15 Dormer Place, Leamington Spa CV32 5AA. Tel: 0926 451792.

Open Monday to Friday for lunch and Monday to Saturday for dinner. Set three-course lunch for pounds 12.50, set three-course dinner for pounds 18.50. All credit cards accepted.

GOOD food is, I suppose, generated by various economic motors. In London, office blocks full of bankers or journalists will spawn a good restaurant round the corner; other eating places spring to life in the wake of middle-class colonisation of what were once workers' ghettos. In the country, the process is more difficult to assess; restaurants there depend on a far larger catchment area and tourism is a great help. Stratford-on-Avon is probably the hub of good food for those in Leamington Spa, but the proprietor of Les Plantagenets also advertises repas d'affaires.

I was there last week on the way to a meeting with the Royal Shakespeare Company, borrowing a bed from a former pupil. As I gave up teaching 30 years ago all my pupils are quite old now, but this was a highly original boy who has since distinguished himself in the arts, and when I asked him and his lady companion out to dinner he suggested Les Plantagenets. I used to teach him French, and we spent some time initially wondering whether there ought really to be an acute accent on repas d'affaires, and whether it was intended to lure less sophisticated Warwickshire businessmen who were having affairs. We also considered the word Plantagenets, which the restaurant sometimes prints with a circumflex on the last 'e', and sometimes not.

The restaurant is extremely modest in appearance, in the basement of a white-painted Georgian house in a terrace facing a green beside the old baths. There is a tiny bar, too small to do much more than perch in, and one room with at most 10 tables. The decor is charming, with a wooden dado panelled in a gothic pattern, and the proprietor has framed what looks like a set of academic robes, which he explained belonged to his father, a member of some wine-bibbing fraternity founded by Rabelais. This, I am sure, appeals to the cultural fall-out from Stratford.

Monsieur Loth, who runs the restaurant, is an Angevin.

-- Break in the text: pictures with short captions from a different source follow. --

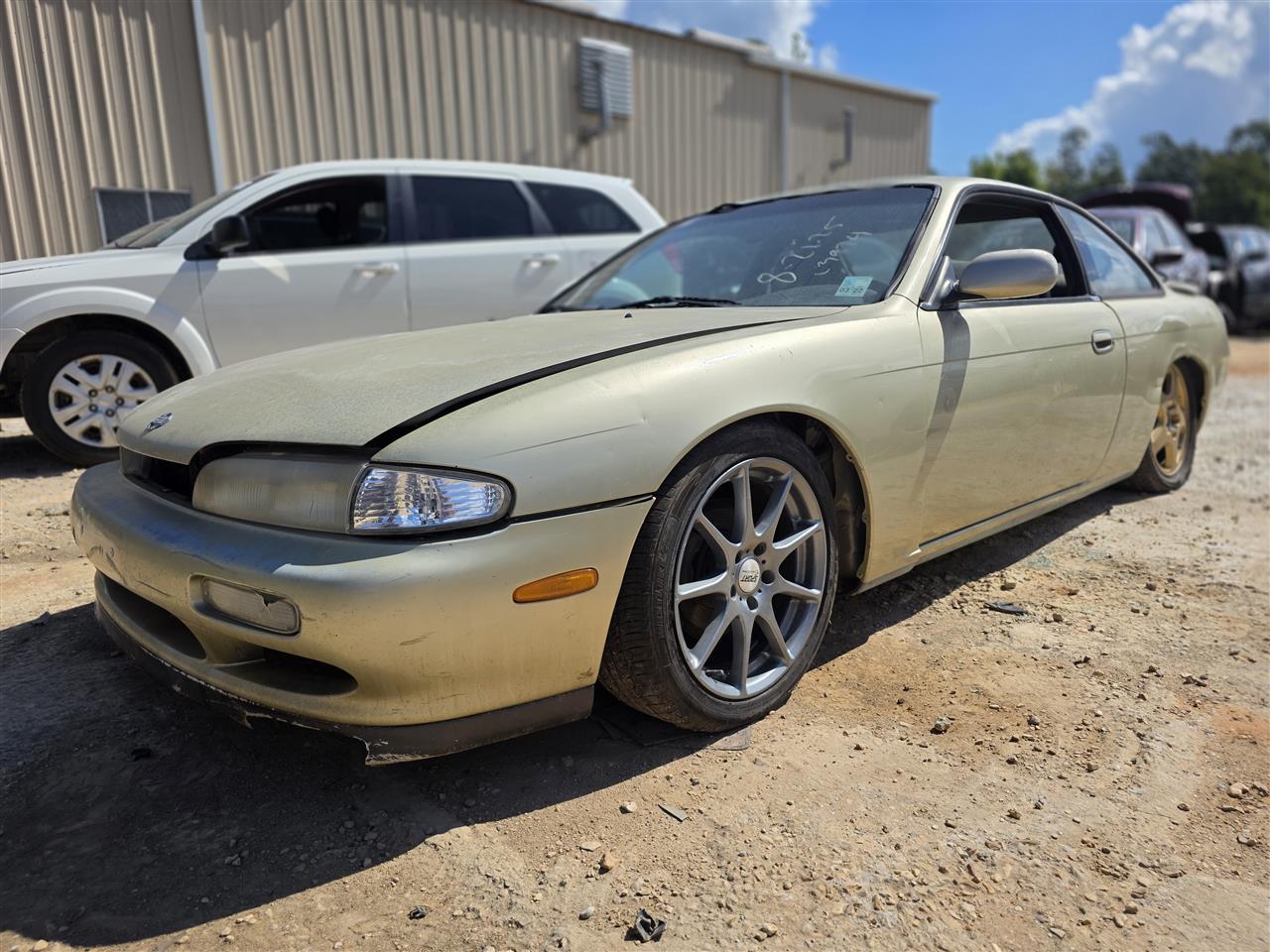 Donor vehicle 1995 Nissan 240SX (Stock #261701)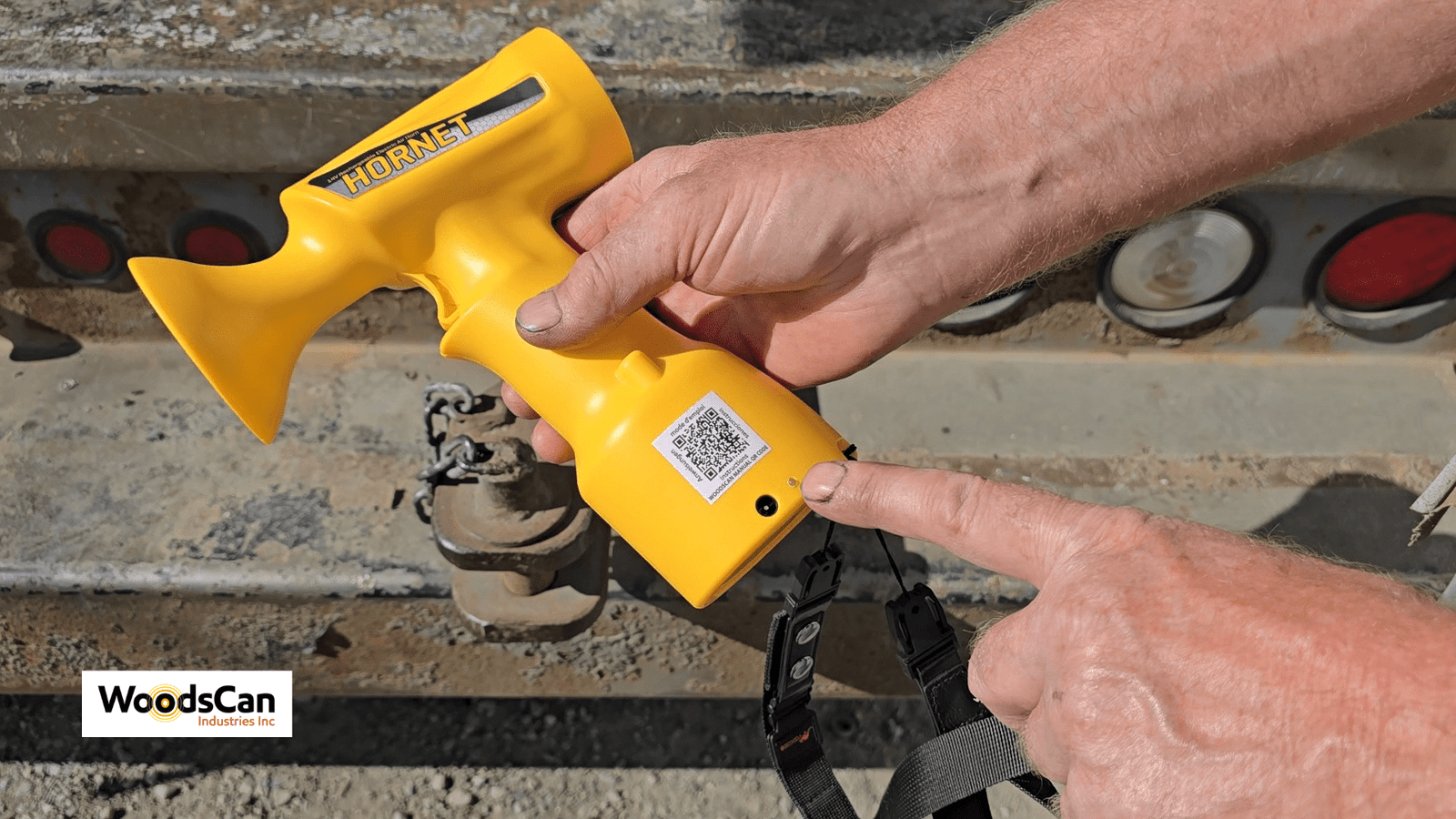 WoodsCan-Hornet-Air-Horn-Rechargeable-1920-stills-6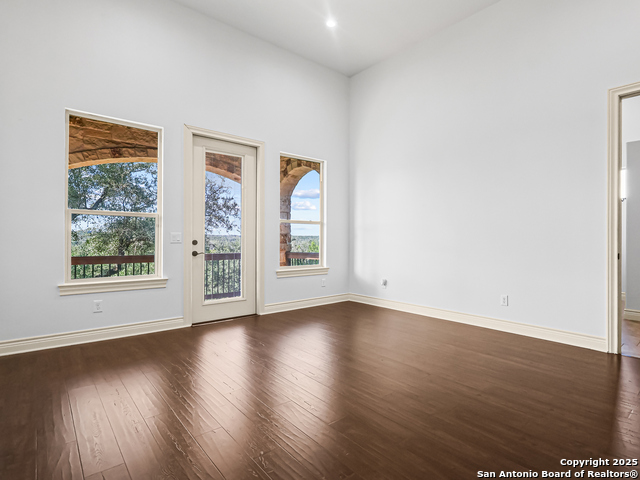 Image 36 of 77 For 1188 River Chase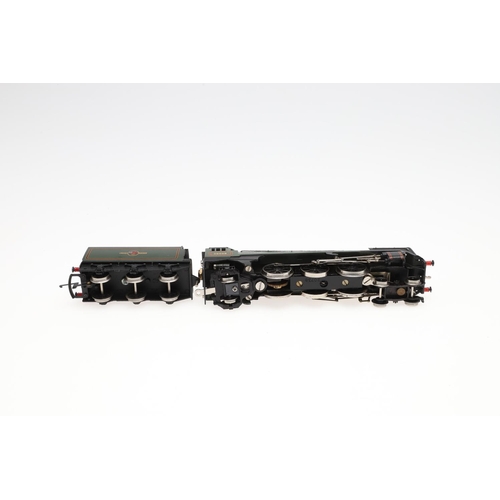 647 - WRENN BOXED 00 GAUGE BOXED LOCOMOTIVES - CLAN LINE. Two boxed W2238 Clanline BR Green 35028 locomoti... 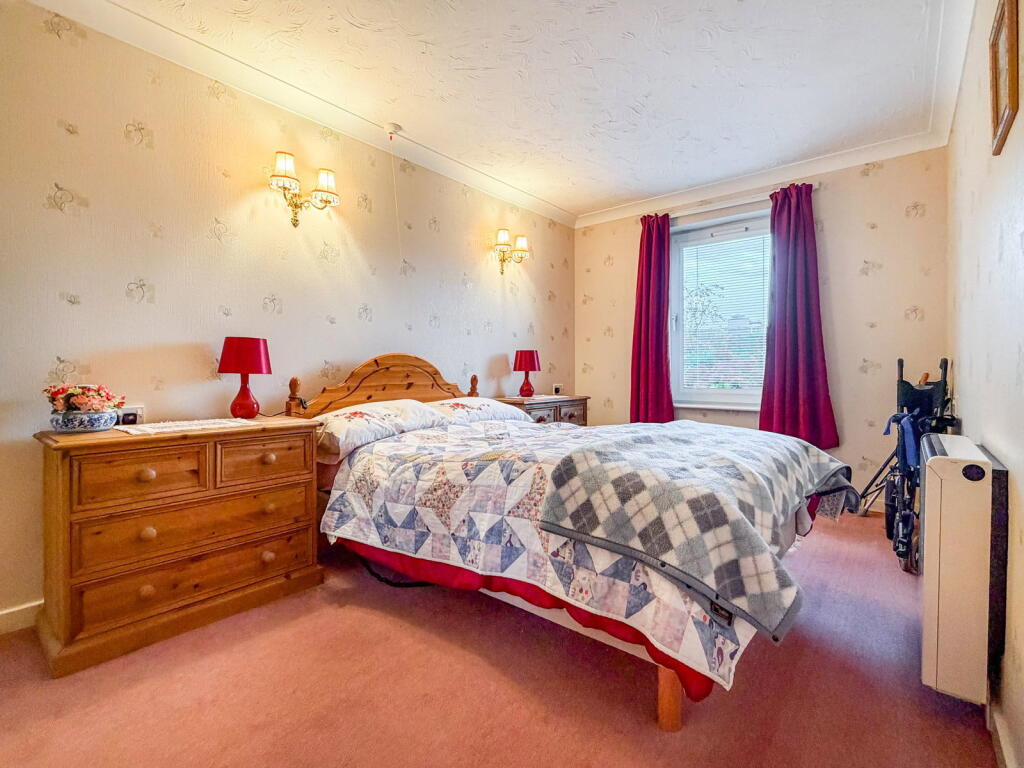Apartment in North Ferriby, Swanland - More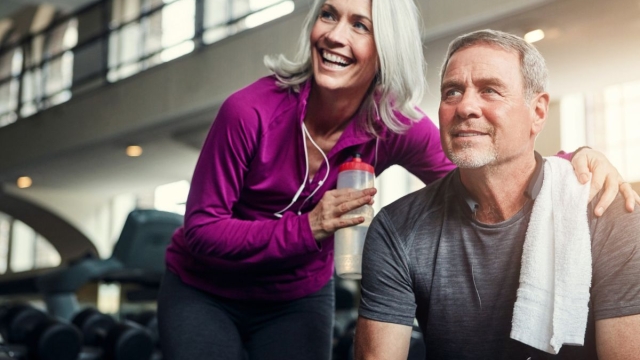 Smiling couple leans together during workout at HonorHealth Medical Fitness.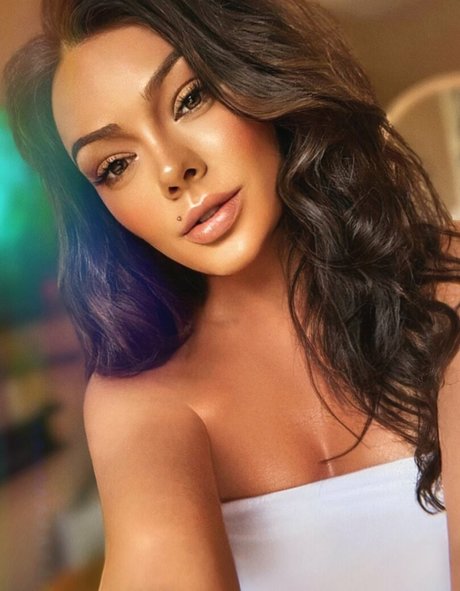 blonde étudiante onlyfans érotique gratuit images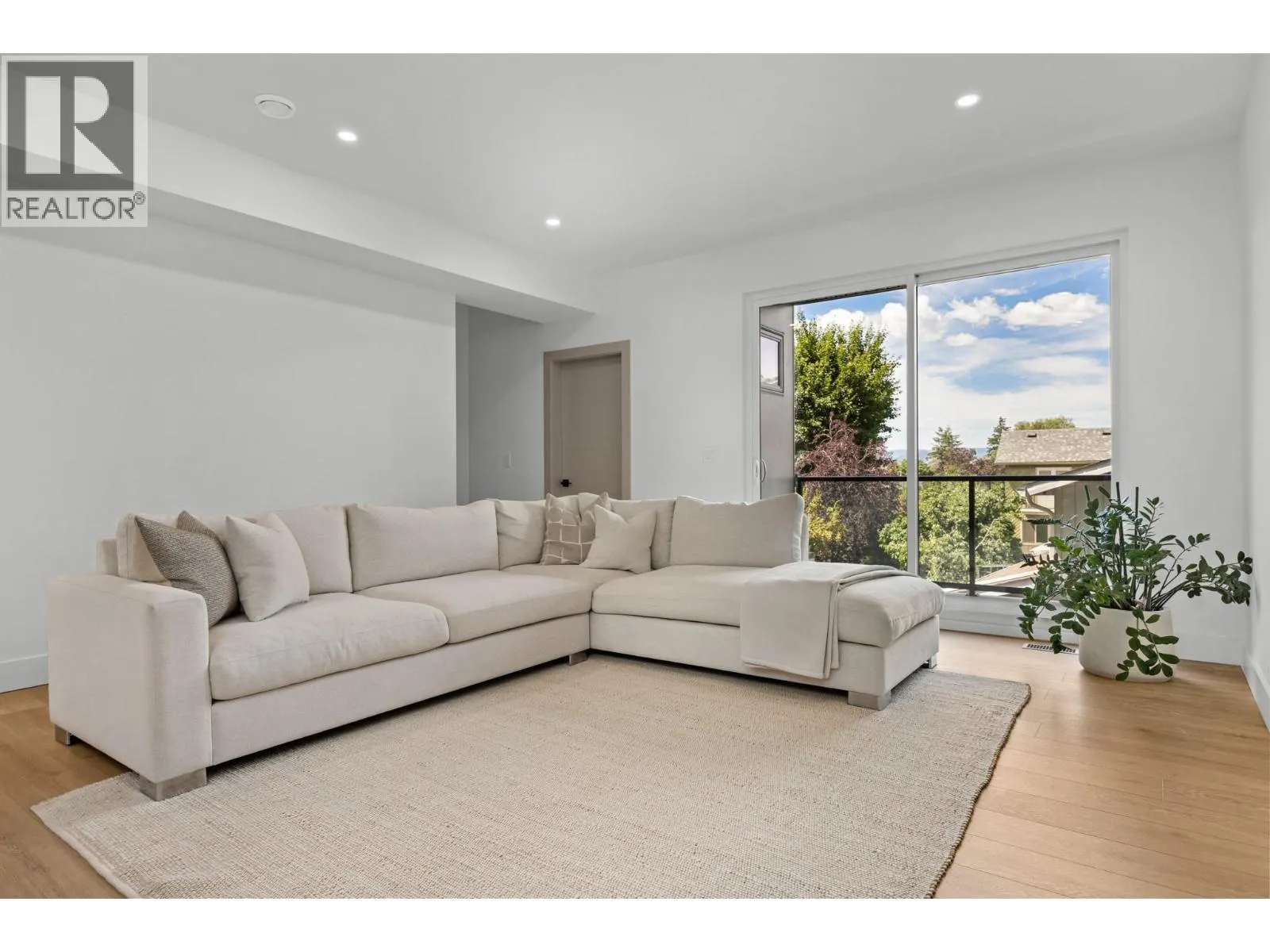 1506 39A Avenue Unit# 3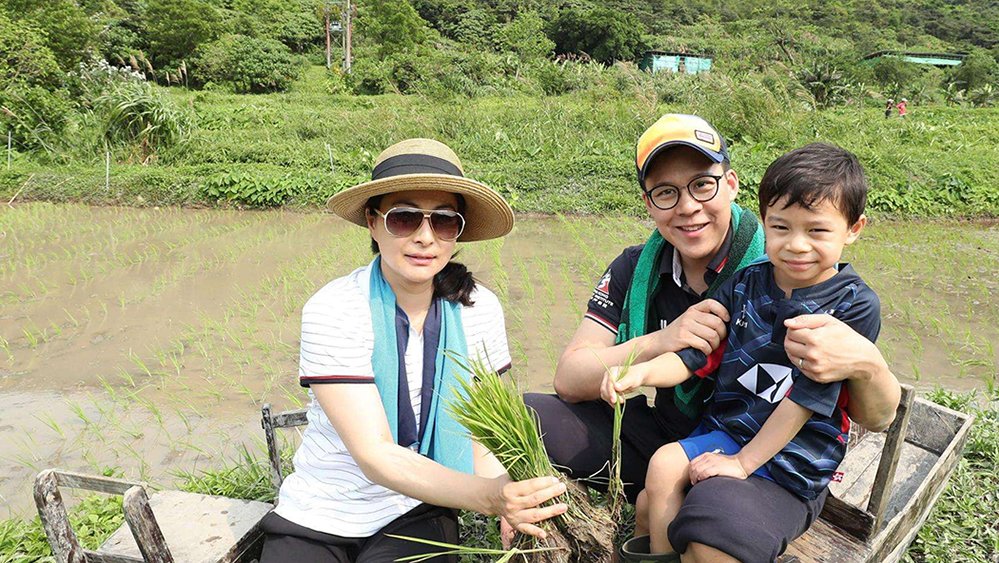 郭晶晶生涯获4枚奥运金牌，如今每月能拿多少钱？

This provoked more discussion as to whether Angevins came from Anjou or Angers. M Loth - from Anjou - is neat, with sharp handsome features and an air of old-fashioned French efficiency.

At the table we began to reminisce about poor old dead beaks and boys who had since gone to prison. If we had not been in such a nostalgic mood we should probably have settled for the set menu at pounds 18.50. It offers a choice of four starters. There is potage Parisien, smoked salmon with a marinade, sweetbread braised in port or avocado pear with king prawns in garlic mayonnaise.

For a main course you can have stewed sirloin of beef, fillet of sole, breast of chicken stuffed with a puree of mushrooms 'flambee' with brandy and finished with a Loire wine and cream, or escalopine de pigeon a l'orange et Cointreau. There is also a choice of vegetables or a salad, with cheese or a pudding.

Driven by bonhomie and nostalgia, we opted instead for the a la carte. M Loth suggested various alternatives, all enunciated with a fine French accent and graphic use of a well-sharpened pencil. I remember in particular something cooked 'weez funnel'.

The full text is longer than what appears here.